Dentro de una organización, es frecuente que surjan diferencias entre los que están al frente de la organización. Estas diferencias surgen cuando dejan de estar en un mismo sentir, o cuando el ego de las personas se empieza a manifestar. Cuando eso sucede, empiezan a expandir rumores, tratando de desprestigiar al que está a la cabeza de la organización, y así tratan de usurpar su cargo.

Los hermanos de Moisés, Aarón y Míriam formaban parte del liderazgo del pueblo hebreo, ya que ellos eran descendientes de la tribu de Leví, tribu que Dios había tomado para que le sirvan en su tabernáculo. Miriam y Aarón representaban a los sacerdotes y a los profetas, los dos grupos más poderosos después de Moisés, pero a pesar de que disfrutaban del honor de servir a Dios, en sus corazones aparecieron celos de la posición e influencia de Moisés. María y Aarón al no poder encontrar falta en la manera que Moisés conducía al pueblo, decidieron murmurar en contra de su hermano. Ante esta situación, como Moisés era de un corazón noble, no reprochó las acciones de sus hermanos, ni tampoco acudió al Señor para que se haga cargo de esta situación.

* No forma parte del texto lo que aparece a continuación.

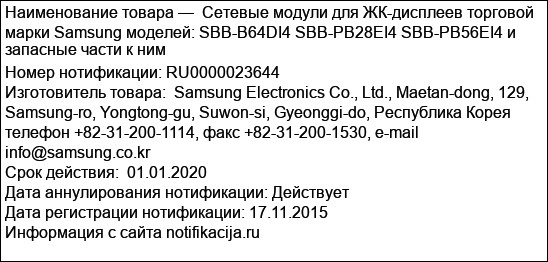 Сетевые модули для ЖК-дисплеев торговой марки Samsung моделей: SBB-B64DI4 SBB-PB28EI4 SBB-PB56EI4 и запасные части к ним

El eterno Creador, escuchó los murmullos de Aarón y Míriam en contra de su siervo Moisés, y salió en su defensa, tomaría el asunto con sus manos, derramando su juicio sobre ellos. Los siervos del Señor, nunca van a estar desprotegidos, porque los siervos son una pertenencia perpetua de Dios y como son de su pertenencia, Él, les va a brindar su cuidado y protección. Ante cualquier peligro o amenaza que surja en contra de sus siervos, Dios saldrá al frente y librará la batalla por su siervo.

Dios llamó a los tres hermanos ante su presencia para dar solución a este impase. El Señor descendió a la puerta del tabernáculo, llamó a Aarón y Míriam , les dijo: sé que en este pueblo existen sacerdotes y profetas aparte de Moisés, pero yo tengo plena confianza en mi siervo, con él puedo hablar de frente, cara a cara, sin acertijos, él me ve como Yo Soy. ¿y ustedes porqué murmuran en contra de él? A través de estas palabras, Dios fue claro y conciso con Aarón y Míriam , Moisés era su elegido y nadie tenía que hablar en contra de él, y si lo hacían tenían que responder ante el mismísimo Creador.

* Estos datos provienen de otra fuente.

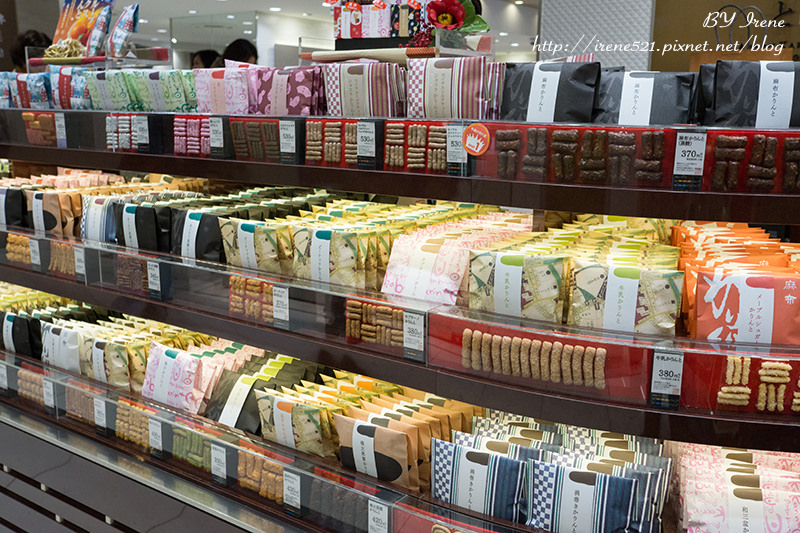 【名古屋】容易迷失且荷包會大出走的地方.松坂屋 【名古屋】容易迷失且荷包會大出走的地方.松坂屋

Los celos no solo están reservados para la vida secular, pues con frecuencia pueden aparecer en la vida ministerial entre cristianos. Cuando estos celos surgen dentro del cuerpo de Cristo, pueden llegar a afectar a toda la congregación, y hasta a una posible desintegración de la misma. Los celos entre los siervos de Dios son inadecuados, y no deben existir en las congregaciones cristianas, ya que todos están sirviendo al único Dios verdadero, todos sus siervos deben trabajar como un solo cuerpo.

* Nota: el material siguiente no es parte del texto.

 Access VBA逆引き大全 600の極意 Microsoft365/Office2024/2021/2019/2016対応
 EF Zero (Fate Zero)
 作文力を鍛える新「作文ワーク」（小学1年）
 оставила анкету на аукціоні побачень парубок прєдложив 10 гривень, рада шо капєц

Queridos hermanos, cuando surja alguna clase de celo en contra de un siervo de Dios, tengamos presente que ellos no están desamparados, pues ellos están bajo la protección y el cuidado del Creador. Él peleará en contra de todo aquel que maquine mal en contra de su siervo. Hermanos, no tengamos miedo de seguir adelante en nuestros ministerios, a pesar de las críticas y los murmullos que puedan existir en nuestra contra. Nosotros no debemos tener miedo a ser reprobados por los hombres, lo único que nos debe interesar es la aprobación de nuestro amado Creador.